Copy out, exactly, the first line of the entries below and every line after it through the one containing "Graduation Welcome Foam".

======== PROVIDED DATA

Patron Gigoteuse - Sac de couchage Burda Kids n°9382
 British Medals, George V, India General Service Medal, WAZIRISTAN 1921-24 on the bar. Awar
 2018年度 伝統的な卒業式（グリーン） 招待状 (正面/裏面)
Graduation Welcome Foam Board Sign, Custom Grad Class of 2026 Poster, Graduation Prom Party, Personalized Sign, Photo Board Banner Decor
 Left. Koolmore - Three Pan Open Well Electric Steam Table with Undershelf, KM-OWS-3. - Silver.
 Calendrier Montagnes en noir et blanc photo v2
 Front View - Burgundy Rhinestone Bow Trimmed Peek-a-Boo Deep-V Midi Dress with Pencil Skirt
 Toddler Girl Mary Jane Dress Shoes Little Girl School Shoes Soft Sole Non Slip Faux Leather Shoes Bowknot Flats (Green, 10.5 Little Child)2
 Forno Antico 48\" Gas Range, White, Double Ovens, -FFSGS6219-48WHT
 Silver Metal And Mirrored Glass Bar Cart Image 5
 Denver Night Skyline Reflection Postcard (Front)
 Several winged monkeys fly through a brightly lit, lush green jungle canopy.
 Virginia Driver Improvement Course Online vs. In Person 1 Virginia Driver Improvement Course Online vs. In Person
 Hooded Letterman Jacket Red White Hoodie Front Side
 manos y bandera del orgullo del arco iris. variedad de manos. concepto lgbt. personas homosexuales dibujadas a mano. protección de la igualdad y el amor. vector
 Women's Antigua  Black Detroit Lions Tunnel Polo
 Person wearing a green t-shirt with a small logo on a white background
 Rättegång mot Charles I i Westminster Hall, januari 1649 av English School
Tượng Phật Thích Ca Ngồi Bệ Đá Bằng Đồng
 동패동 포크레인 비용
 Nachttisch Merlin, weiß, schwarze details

================

→ EXERCISE RESULT
Patron Gigoteuse - Sac de couchage Burda Kids n°9382
 British Medals, George V, India General Service Medal, WAZIRISTAN 1921-24 on the bar. Awar
 2018年度 伝統的な卒業式（グリーン） 招待状 (正面/裏面)
Graduation Welcome Foam Board Sign, Custom Grad Class of 2026 Poster, Graduation Prom Party, Personalized Sign, Photo Board Banner Decor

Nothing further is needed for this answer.